I’ve not automated creation of records for new services, but I’ve made it easier for myself by making hostname.domain.ext the dynamic DNS (managed by a simple cron job with curl commands interacting with the API), and all service.domain.ext just CNAME to the main record.

I don’t think I’ll be automating the creation of the CNAME records because something tells me I’d end up leaving a bunch of dead service DNS records behind.

[–] chiisana@lemmy.chiisana.net 1 points 10 months ago (1 children)

Most likely some sum of (cores x Ghz) each processor in all servers? While it kind of makes sense, it feels like a much higher clock speed than what I’m used to seeing.

I have a single quad sock E5-4640 server, I think in terms of me having 4 processors with 8 cores at base 2.4Ghz each; I don’t regularly (or ever, for that matter) think in terms of me having 76.8Ghz.

360G8s should be single or dual sock E5 v2 processors. I can’t really math right now (insufficient caffeine), but I can’t seem to make the math work, so I’d imagine something that to be an aggregated across all three systems, not individual systems?

[–] chiisana@lemmy.chiisana.net 3 points 11 months ago (3 children)

Think of the path the user go form their browser to your service as a children’s connect the dots game. They must go from their browser, to the internet, … eventually to your service, each step doing one thing to get closer to the service and back. Both Traefik and Nginx reverse proxy does the same thing, routing traffic from the entry point to your service, so you don’t need both.

I think the path currently might look something like this:

User -> Internet -> Cloudflare DNS (port 80/443) -> Cloudflare Tunnel (inside your network) -> Traefik (port 80/443) -> Service A

And now you want to add an extra route that goes something like:

User -> Internet -> Cloudflare DNS (port 80/443) -> Cloudflare Tunnel (inside your network) -> Nginx Reverse Proxy (can’t use port 80/443 because it’s taken by Traefik, so port XYZ but that costs a fee) -> Service B

If this understanding is correct, I’d recommend simplifying to just either Traefik or Nginx, as both does the same job of routing traffic from your entrypoint (Cloudflare tunnel) to your service.

For a Traefik based setup, you’d ideally put it on a bridged host network in docker, and have it listen there.
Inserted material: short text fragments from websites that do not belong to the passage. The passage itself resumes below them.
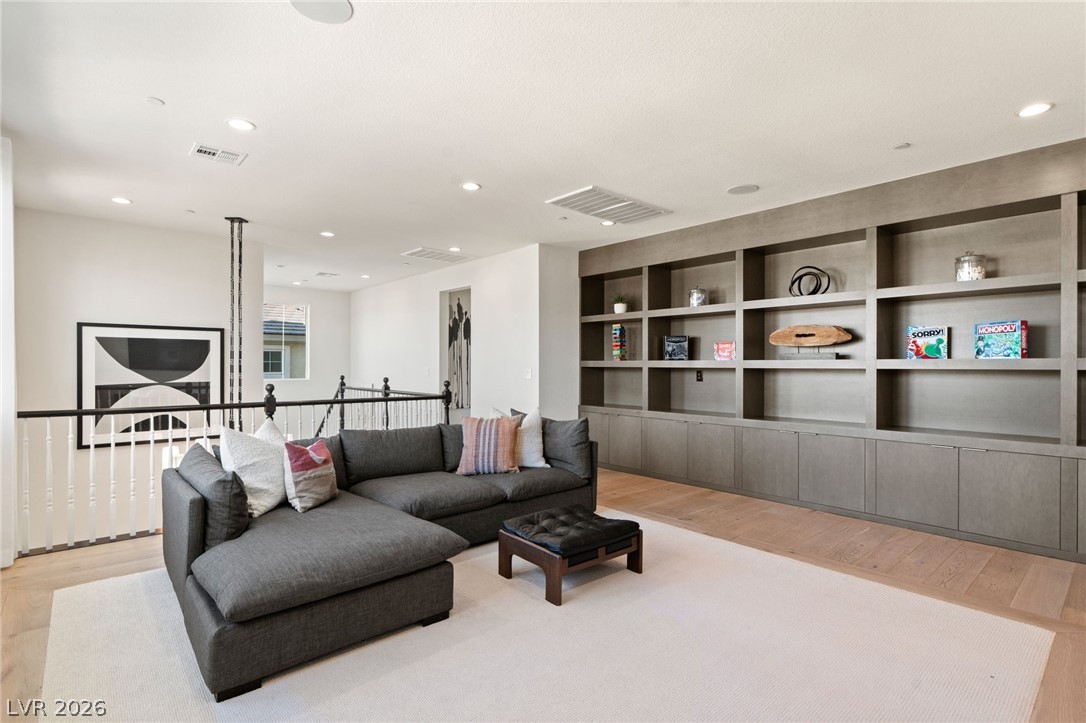 10125 Sequoia Glen Avenue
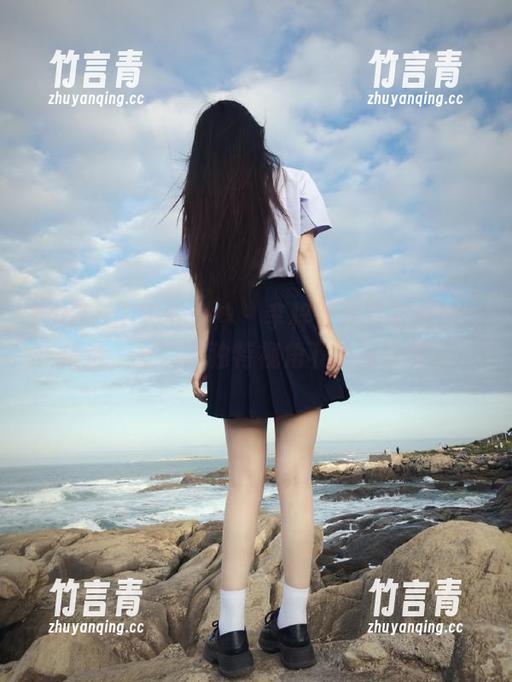 TouTiao头条女神 - 李梓熙教室写真图包精选，发现她独特视角下的纯净美好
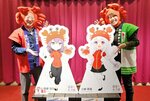 新たに登場したカニバーサリーコラボバージョンの温泉むすめのパネル＝１日、三朝町三朝の三朝温泉ほっとプラ座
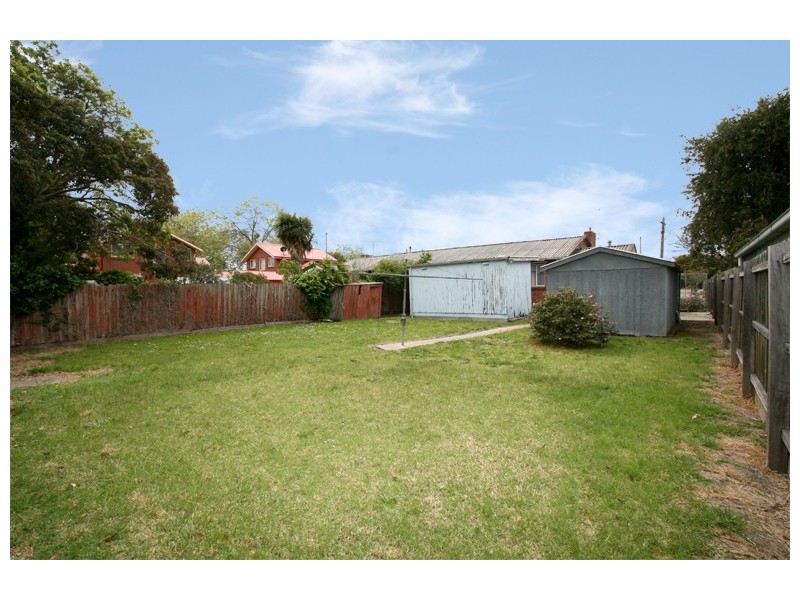 31 Law Street, Heidelberg Heights VIC 3081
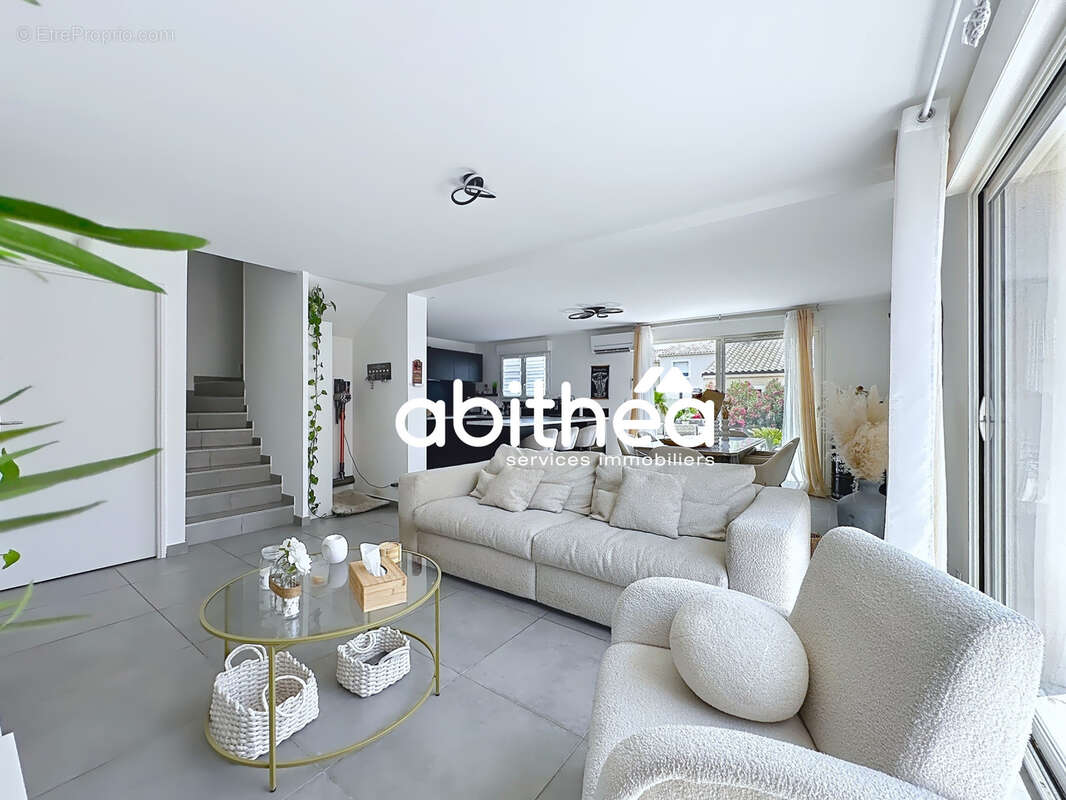 Villa 3 faces - 131 m2 - 4 chambres dont 1 au rdc - jardin piscine et garage - montblanc - photo 3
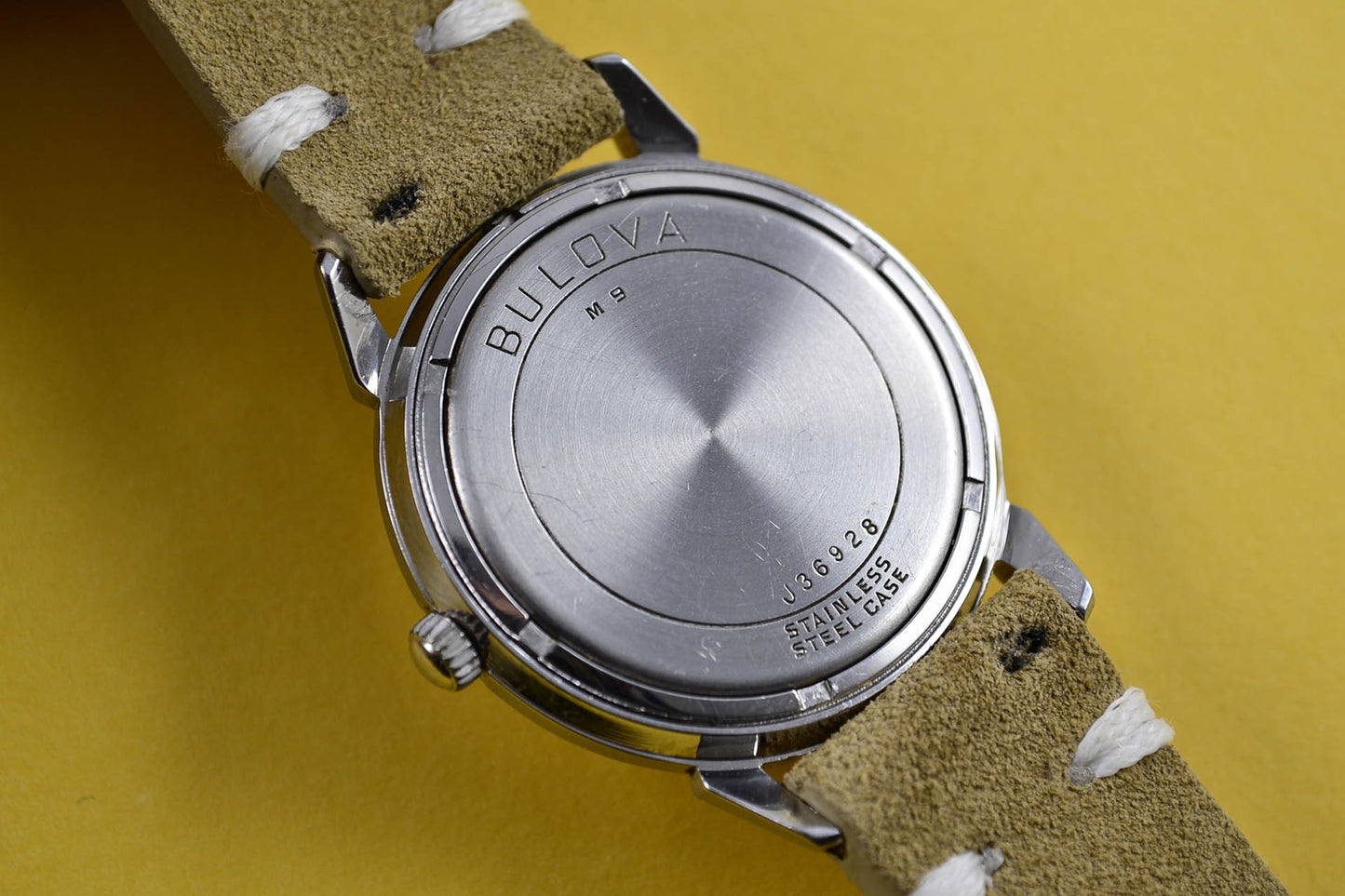 Bulova Sea King Baleine 1969 lumeville montre vintage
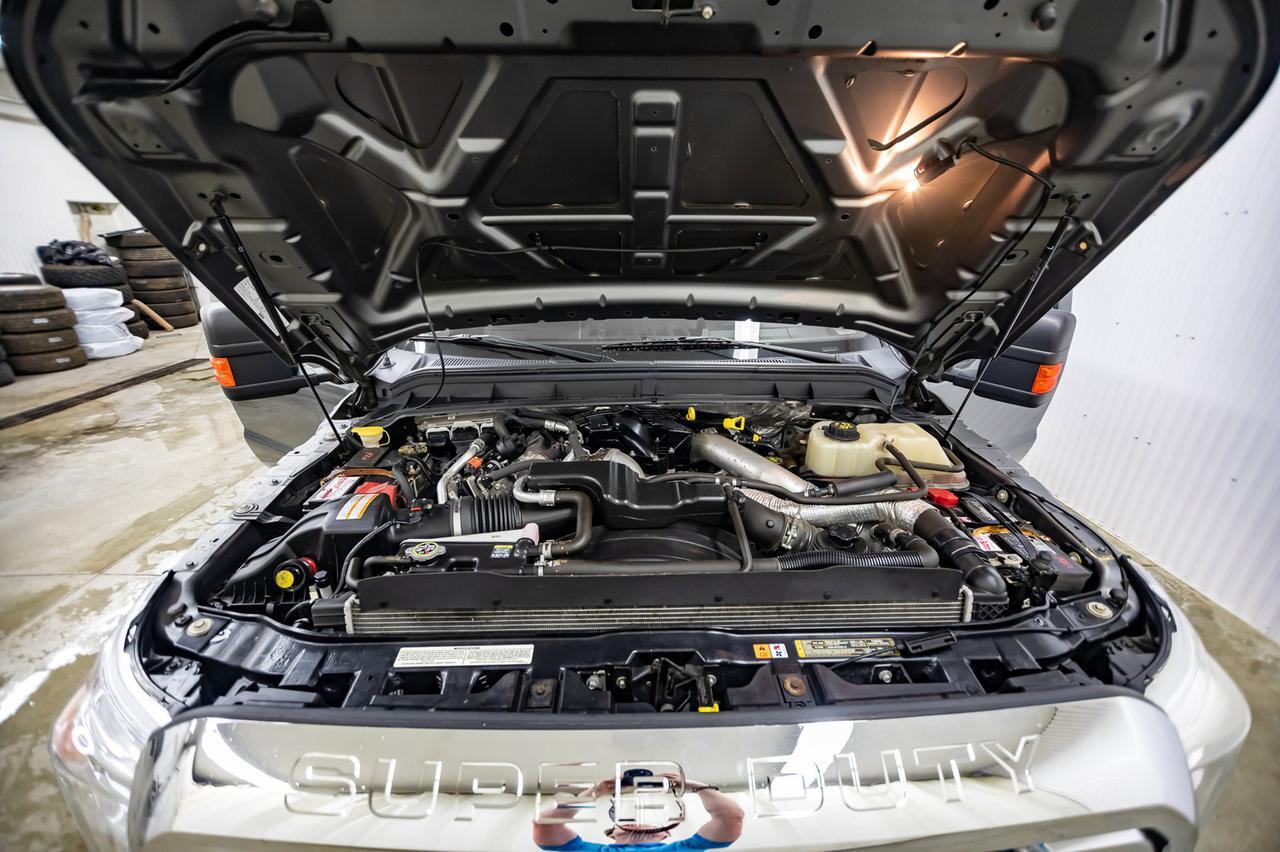 2011 Ford F-350 4x4 Crew Cab Lariat FX4 Longbox Diesel Leather Red Deer AB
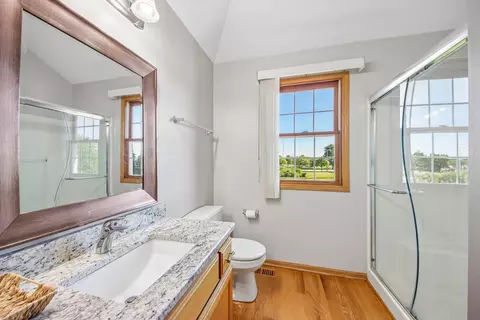 Bath - 2302 Irvine Ln, Plainfield, IL 60586 photo 6 of 7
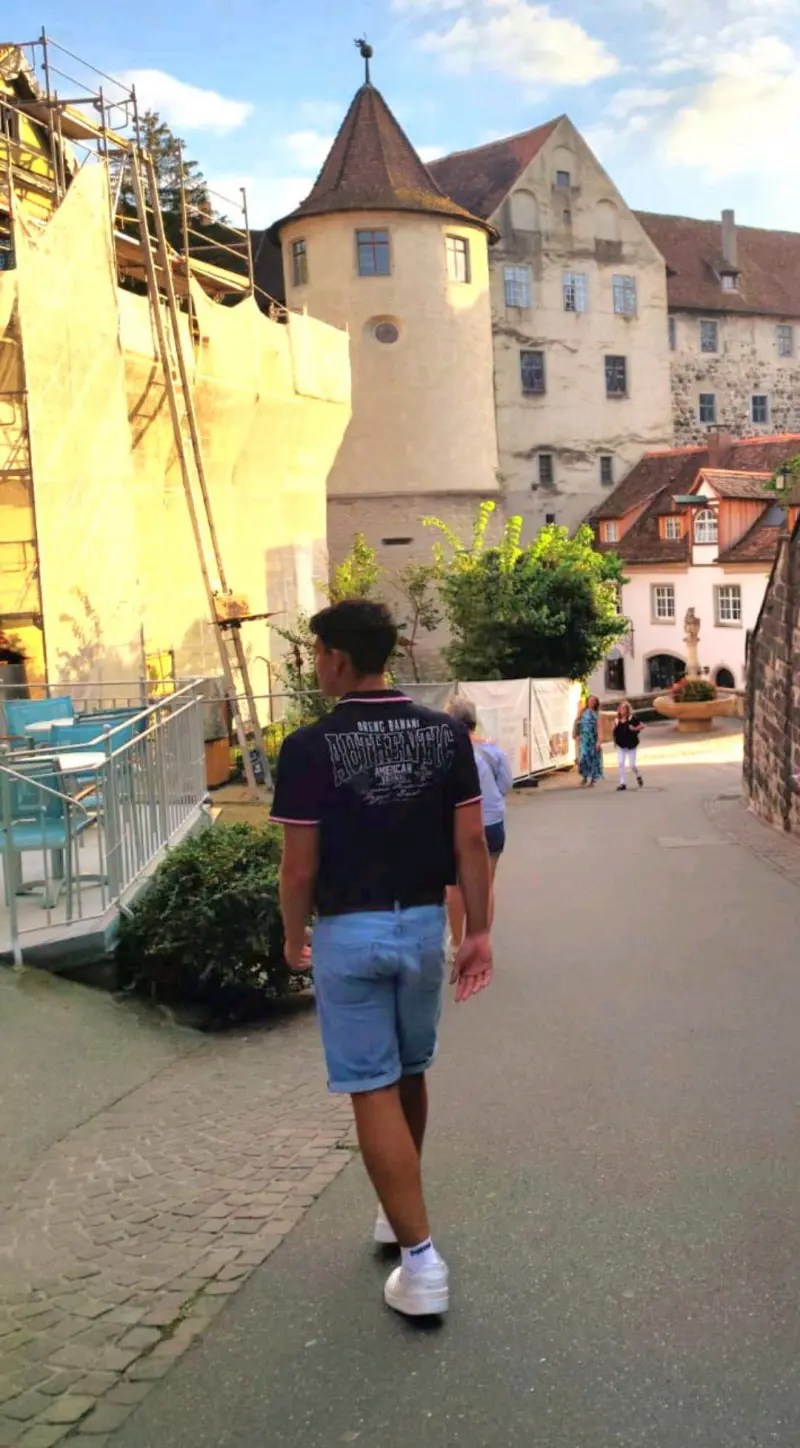 Nino (18) male from DE - sexting partner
Add individual service you’d want to expose (i.e. just the container of the web server for the app, not the database) to that network, and apply the appropriate container labels to expose it. It’d then be able to handle all the appropriate routing for you.

I don’t use Nginx, so I can’t touch on that, but I’d imagine similar setup in which you have Nginx listen to 80/443, then have it route the request to your service as needed based on whatever setup mechanism it uses.

[–] chiisana@lemmy.chiisana.net 1 points 11 months ago

Reminds me of some place that didn’t listen to their mods and devs… 🤔

[–] chiisana@lemmy.chiisana.net 1 points 11 months ago* (last edited 11 months ago)

A CA cert is higher up can sign for any desired domain. Certificates are a chain of trust and as long as the entire chain can be validated (by the root level installed by the user), then the entire cert will appear valid. During installation, that’s what gets installed and then the provider signs for whatever domain you’re visiting that they’d need (or want) to MITM.

Cloudflare uses LetsEncrypt, Google and a few other CAs to sign their certs. You’re not forced to use them as registrar, and they could (though they will lose accreditation very quickly) in theory sign any domain without you using them to host your domain’s DNS.

[–] chiisana@lemmy.chiisana.net 1 points 11 months ago (2 children)

As the person I replied to mentioned, these kind of providers would often also get you to install a cert that they’d use to sign with. Once it is installed, the certificates wouldn’t appear broken anymore.